What you’ll do: Trainees are given the support and training required to excel in their work, from trainee induction sessions, regular training via our MoFo Academy and significant daily responsibility. This combination enables our trainees to develop the necessary skills to deliver exceptional client service on complex global matters. The training period consists of four six-month seats, with the potential of a seat in our Singapore office. There is an active mentoring programme and a formal review process four times annually to provide continuous support and development.
Dynamic technology and life sciences companies, some of the largest financial investors and financial institutions, leading consumer product companies, and other market leaders come to MoFo for our expertise, knowledge, advice and individually tailored client service. We handle some of the world’s largest cross-border transactions and resolve some of the biggest disputes across multiple jurisdictions. Our firm was built on, and continues to succeed, because of the talent of our lawyers and their innovative approach in the practise of law. We practise in a collegial environment where we value teamwork, diverse perspectives and employee wellbeing. As our nickname MoFo suggests, we take our work seriously but we don’t take ourselves too seriously.
Perks: 25 days’ holiday; pension; medical insurance; individual health plans; dental insurance; group life assurance; group income protection; employee assistance programme; free Calm app subscription; Talkspace; Best Doctors; subsidised gym membership; childcare vouchers; My Family Care Benefit; season ticket loan; cycle scheme.

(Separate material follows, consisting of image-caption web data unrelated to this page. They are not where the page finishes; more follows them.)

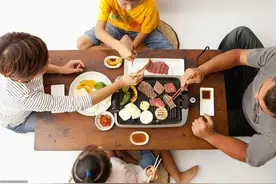 如何培养幼儿良好餐桌礼仪？以下几点告诉你，宝妈收藏！图片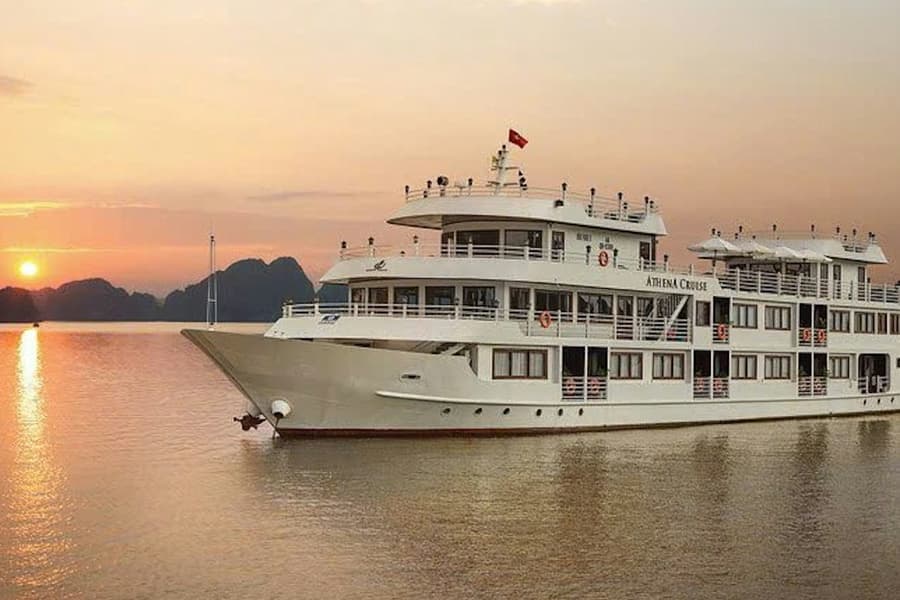 Ha Long Bay: 2D1N Cruise + Sung Sot & Ti Top Entry + Meals + Optional Transfer, Thành Phố Hạ Long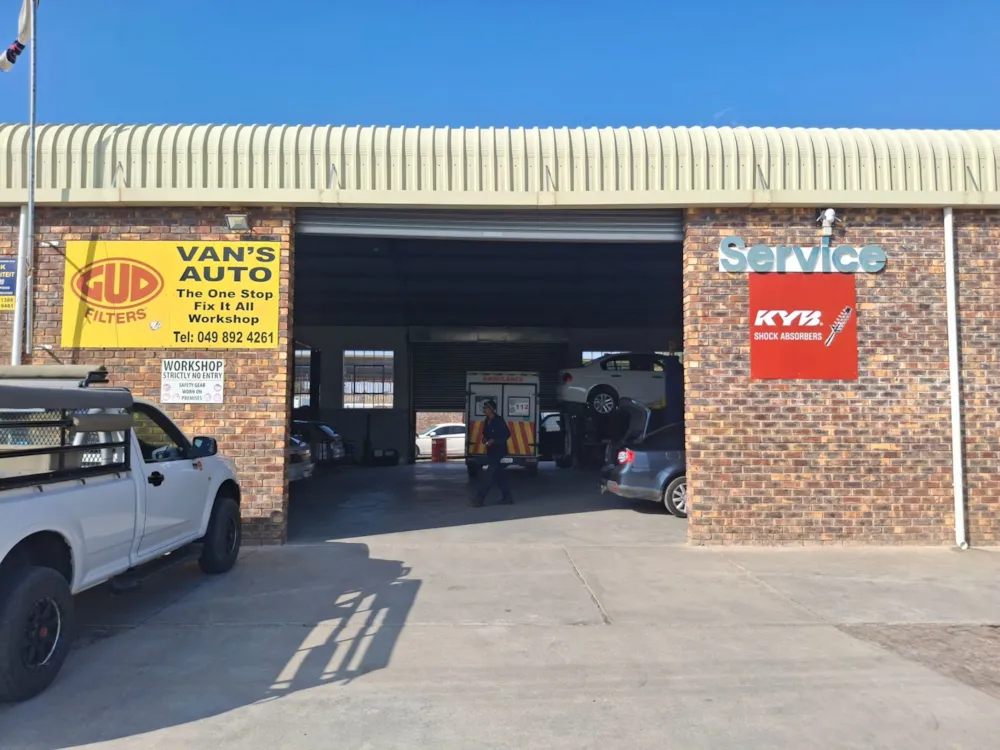 Commercial industrial property for sale in Graaff-Reinet - 1KK1712658 Commercial industrial property for sale in Graaff-Reinet - 1KK1712658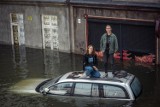 Serial Netflixa o powodzi z 1997 roku na pewno nie leje wody. Czy "Wielka Woda" porwie Wrocław? [RECENZJA]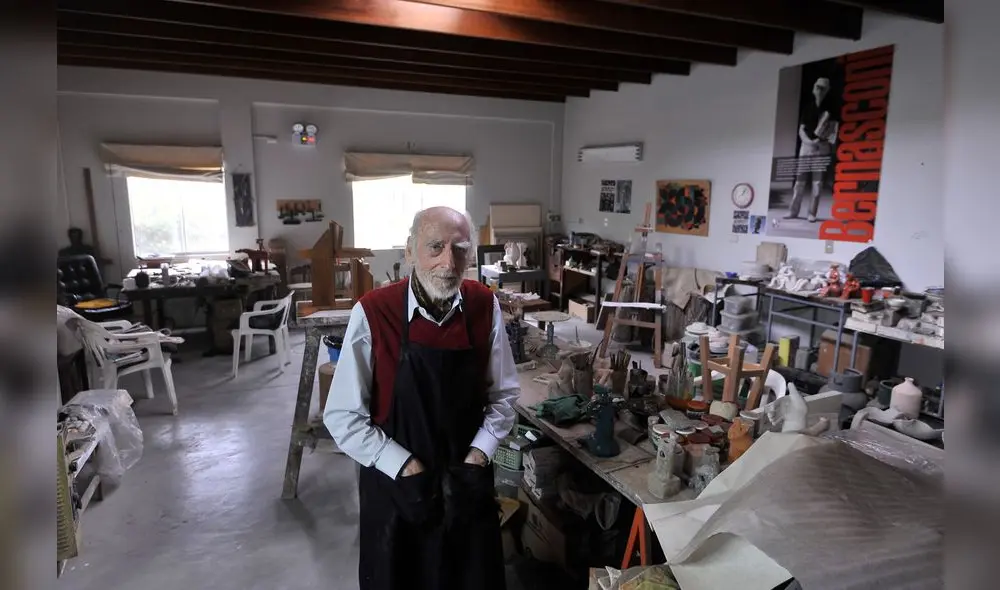 15-08-2019 JAVIER QUISPE ARCASI                                         EL ARTISTA CARLOS BERNASCONI NOS RECIBE EN SU TALLER DE MIRAFLORES.
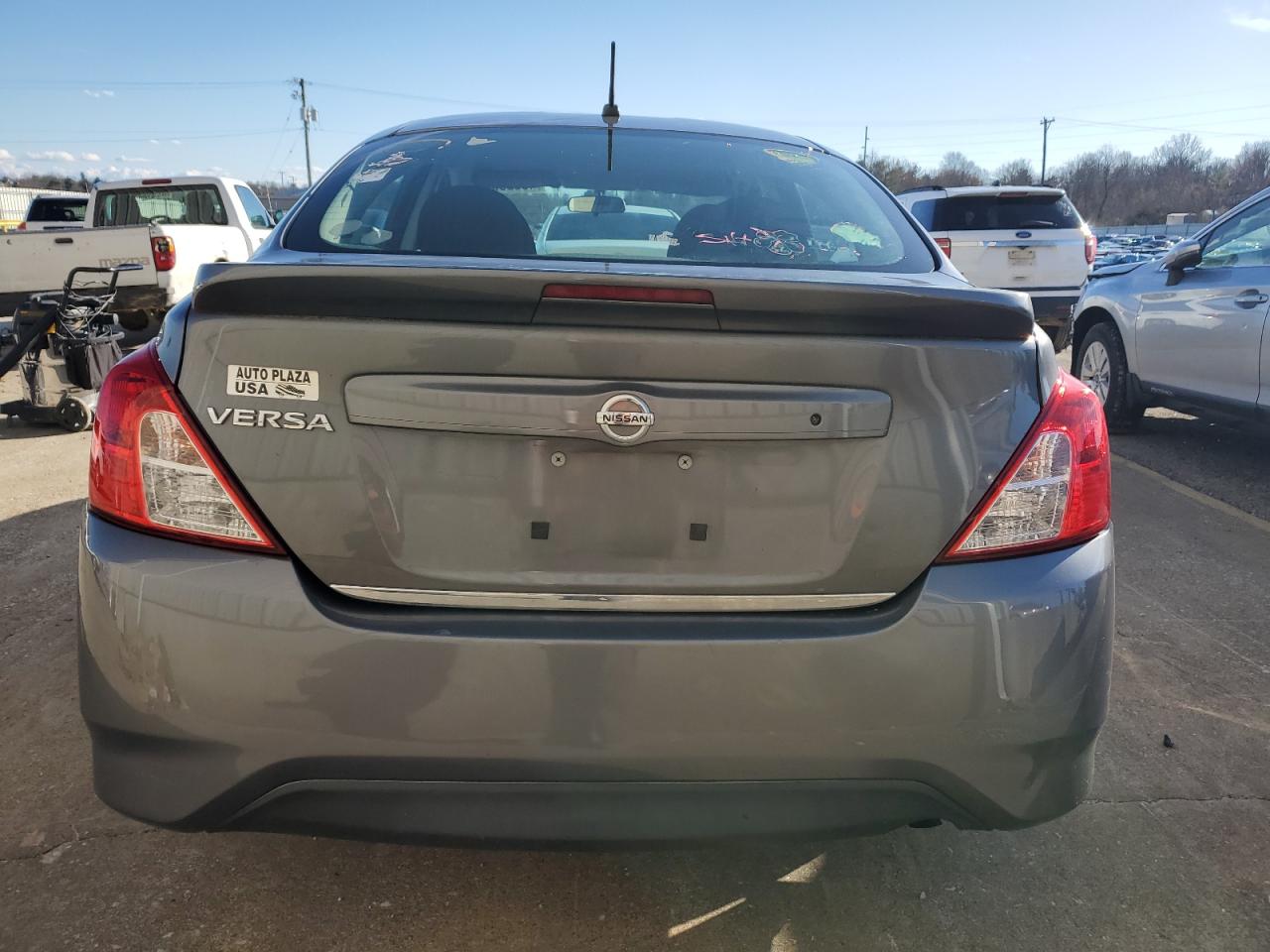 2017 Nissan Versa S VIN: 3N1CN7AP8HL819133 Lot: 43828984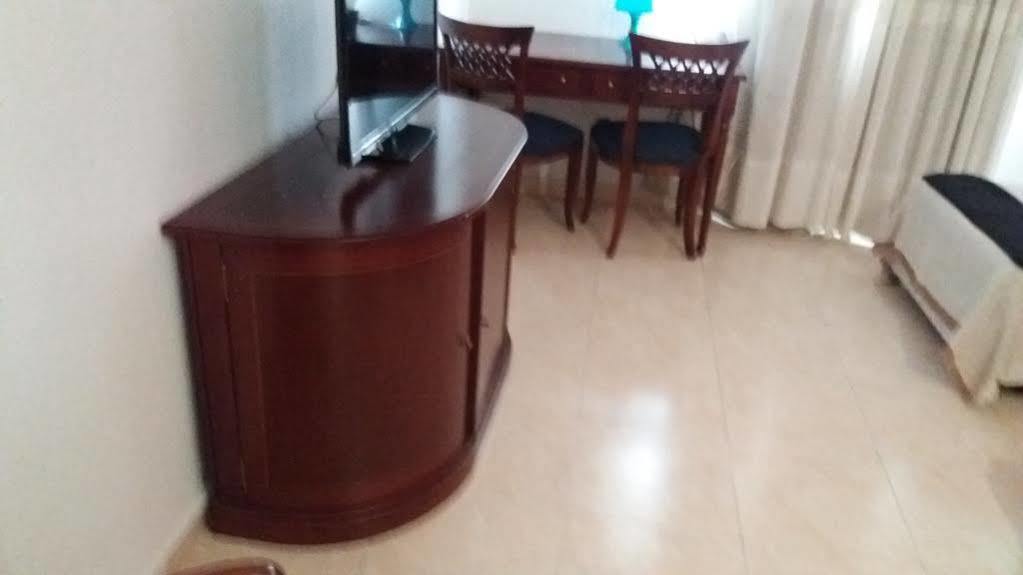 Hotel Nuevo Ara Касерес Екстер'єр фото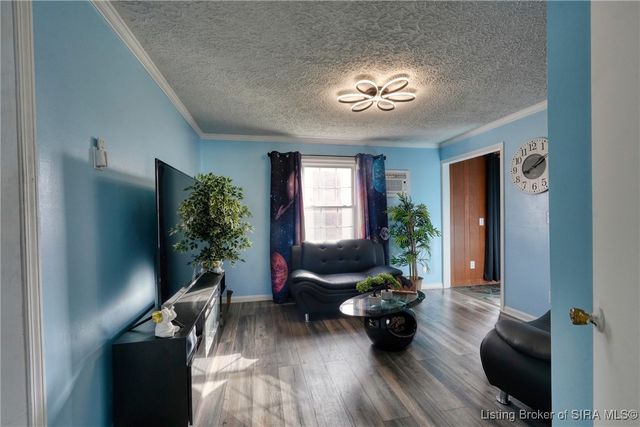 928 N Taggart Avenue, Jeffersonville, IN 47129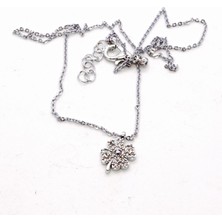 Nkie Jewels Gümüş  Renk Zirkon Taşlı Yonca Beyaz Taşlı Kolye 934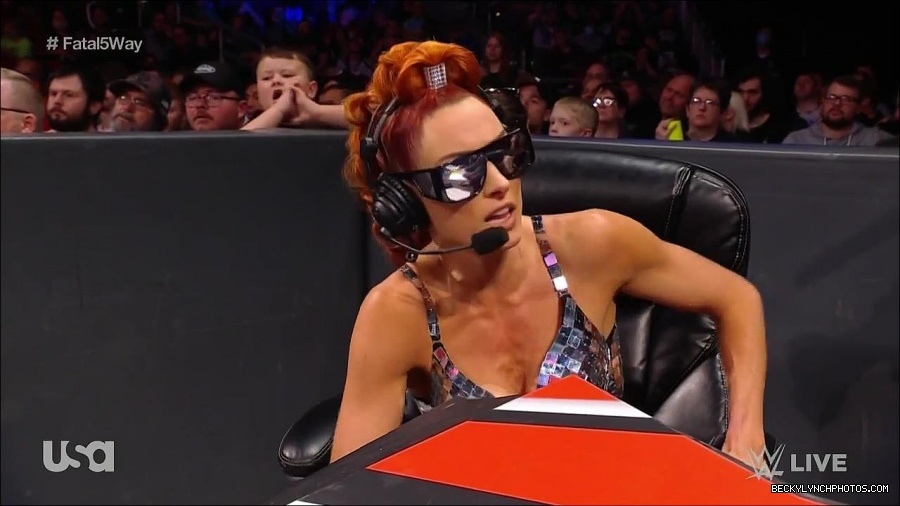 WWE_Monday_Night_Raw_2021_11_08_720p_HDTV_x264-NWCHD_mp4_005116868.jpg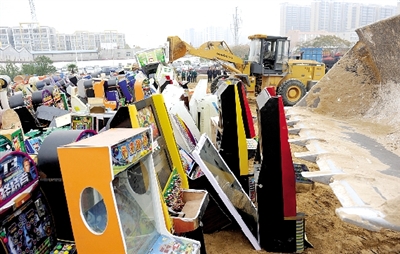 昨日16時，在鄭州市公安局治安支隊院內，省會警方集中銷毀了“雷霆”行動中查獲的賭博機等涉賭物品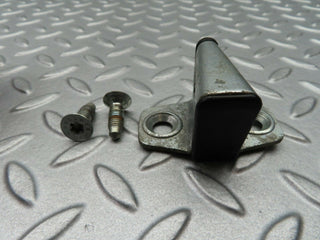 5370 Mercedes-Benz W124 230E Door Lock Latch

Sponsorship: Available to those who require it.
Diversity and inclusion
Diversity in action
For over 40 years, MoFo has been committed to creating a culture that respects and celebrates differences, while providing an inclusive environment where everyone’s contributions are valued. We’ve been a long-time champion for diversity within the legal profession and take pride in our diverse workplace. We believe that lawyers with different backgrounds, interests and experiences working together arrive at better answers and offer fresher perspectives. We continuously work to attract, develop and retain talented lawyers from diverse backgrounds. Our London attorneys Brian Bates and Trevor James sit on the firmwide Diversity Strategy Committee, the primary mission of which is to recommend major diversity goals and objectives to our board of directors. We also have an active London Diversity Committee and a number of affinity groups.
Globally, MoFo has over 30 affinity groups that provide support networks and programming for various employee groups, including 14 groups dedicated to BAME/communities of colour attorneys. In the London office specifically, we have affinity groups for LGBTQ+ members of the office, for women, and MoFo Together, which focuses on raising awareness and addressing some of the barriers facing ethnic minorities in the legal profession and beyond.
Our senior female lawyers in London also play a role in the firm’s global Women’s Strategy Committee, which works closely with firm leadership, including the firm’s chair, firmwide managing partners and board of directors, to ensure that the advancement of women is a constant strategic priority.
MoFo London’s active LGBTQ+ affinity group brings together members of that community as well as its supporters. The LGBTQ+ affinity group provides a forum to discuss issues of concern to the LGBTQ+ community and works to advance networking opportunities within the London office and the broader firm, with clients and across the broader London business community. We’re proud that our chair emeritus was the first openly gay managing partner of an international law firm.